La Corte di Giustizia dell’Unione Europea ha confermato un’ammenda di 2,4 miliardi di euro a Google per abuso di posizione dominante attraverso il favoritismo al proprio servizio di comparazione di prodotti. Inoltre, ha annullato una precedente sentenza che aveva sostenuto i ruling fiscali concessi dall’Irlanda alla Apple. La Corte ha respinto il ricorso di Google e della sua società madre, Alphabet, ma ha confermato che l’Irlanda aveva fornito un aiuto di Stato illegale alla Apple, che dovrebbe recuperare 13 miliardi di euro.
Nel dettaglio, nel 1991 e nel 2007 l’Irlanda ha emesso ruling fiscali favorevoli a due società Apple, consentendo loro di determinare utili imponibili inferiori attraverso la non attribuzione degli utili generati dalle licenze di proprietà intellettuale. La Commissione Europea ha dichiarato questa pratica illegale, in quanto costituiva un aiuto di Stato incompatibile con il mercato interno. Il Tribunale dell’UE aveva inizialmente annullato la decisione della Commissione nel 2020, sostenendo che non era stata dimostrata l’esistenza di un vantaggio selettivo. Tuttavia, la Corte di Giustizia ha ribaltato questo giudizio, sancendo che i ruling fiscali concedevano vantaggi ingiustificati.

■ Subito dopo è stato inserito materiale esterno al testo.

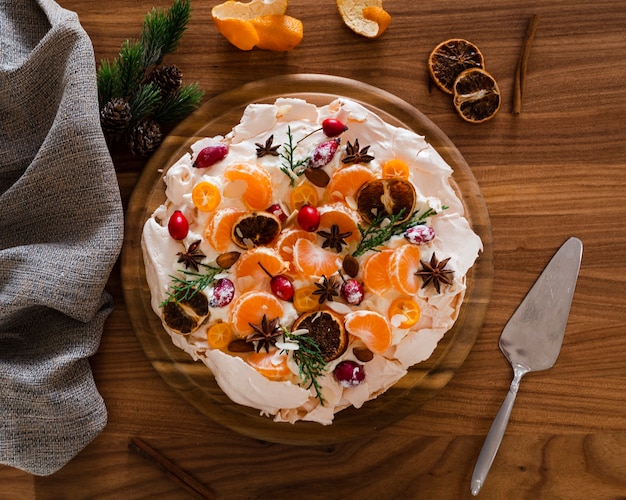 Pastel plano de merengue decorado con rodajas de naranja y rosa mosqueta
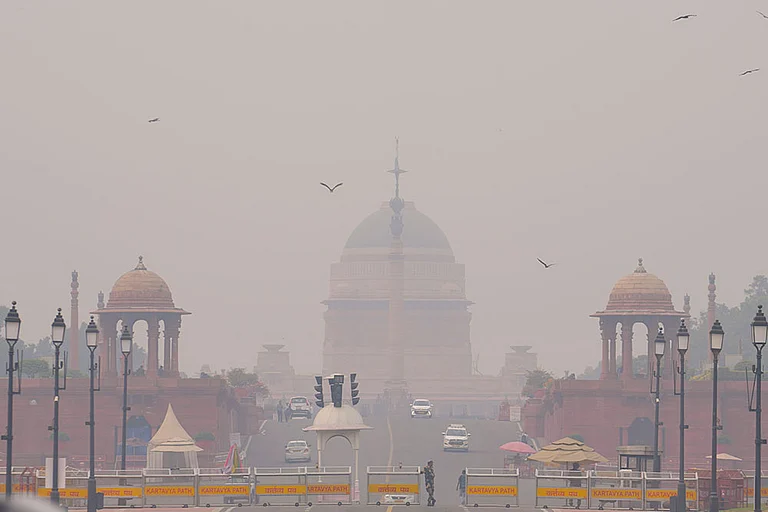 A layer of smog engulfs the Rashtrapati Bhavan after deterioration in the air quality in Delhi-NCR, in New Delhi. - | Photo: PTI/Kamal Kishore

Per quanto riguarda Google, la Commissione aveva rilevato che l’azienda aveva privilegiato il proprio servizio di comparazione di prodotti nei risultati di ricerca, penalizzando così i concorrenti. In risposta, Google e Alphabet avevano contestato la decisione, ma il Tribunale ha confermato l’ammenda, pur non trovando prove di effetti anticoncorrenziali nel mercato della ricerca generale. La Corte di Giustizia ha ribadito che la normativa UE punisce non l’esistenza di una posizione dominante, ma il suo abuso. Ha stabilito che il comportamento di Google era discriminatorio e non rientrava nella normale concorrenza basata sui meriti.
In reazione alla sentenza, Google ha espresso delusione, affermando di aver apportato modifiche nel 2017 per conformarsi alle normative e che il proprio approccio ha portato successi per i servizi di comparazione prezzi. La decisione della Corte rappresenta un importante campanello d’allarme per le big tech, definendo limiti precisi per il loro operato in mercati dominati.